Answer:
The maximum temperatures of the reaction is 15 degree.
The minimum temperatures of the reaction is -45 degree.
The entire cycle take 6 hours.
Step-by-step explanation:
Given : The function [tex]f(t) = 30 \sin (\frac{\pi}{3}t) -15[/tex] models the temperature of a periodic chemical reaction where t represents time in hours.
To find : What are the maximum and minimum temperatures of the reaction, and how long does the entire cycle take?
Solution :
We know that, sin function lies between -1 to 1.

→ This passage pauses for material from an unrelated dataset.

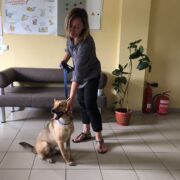 Гас, Даня, Сеня, Кекс, Тая, Жук, Жучка, Оскар, Вера и Зефир6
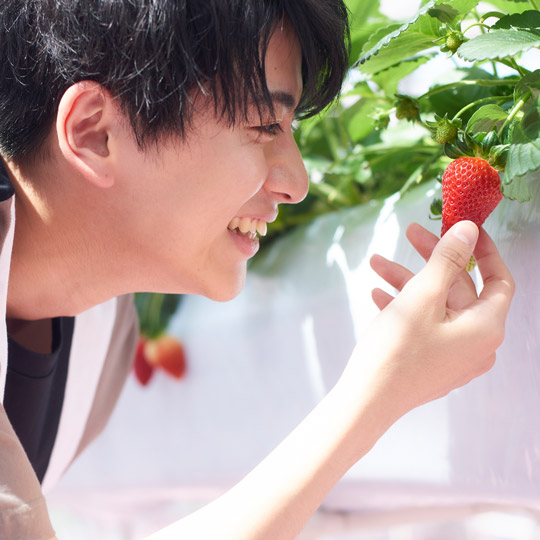東京ストロベリーパークでイチゴ狩り03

So, The maximum and minimum points of sin x is 1 and -1 respectively.
Now, For maximum point
Substitute [tex]\sin (\frac{\pi}{3}t)=1[/tex]
[tex]f(t) = 30(1) -15[/tex]
[tex]f(t) = 15[/tex]
Now, For minimum point
Substitute [tex]\sin (\frac{\pi}{3}t)=-1[/tex]
[tex]f(t) = 30(-1) -15[/tex]
[tex]f(t) = -45[/tex]
The maximum temperatures of the reaction is 15 degree.
The minimum temperatures of the reaction is -45 degree.
General form of sin function is [tex]y=A sin(Bx)+C[/tex]
Where,
[tex]B=\frac{2\pi}{\text{Period}}[/tex]
Comparing with given function, [tex]B=\frac{\pi}{3}[/tex]
[tex]\frac{\pi}{3}=\frac{2\pi}{\text{Period}}[/tex]
[tex]\text{Period}=\frac{2\pi\times 3}{\pi}[/tex]
[tex]\text{Period}=6[/tex]
Therefore, The entire cycle take 6 hours.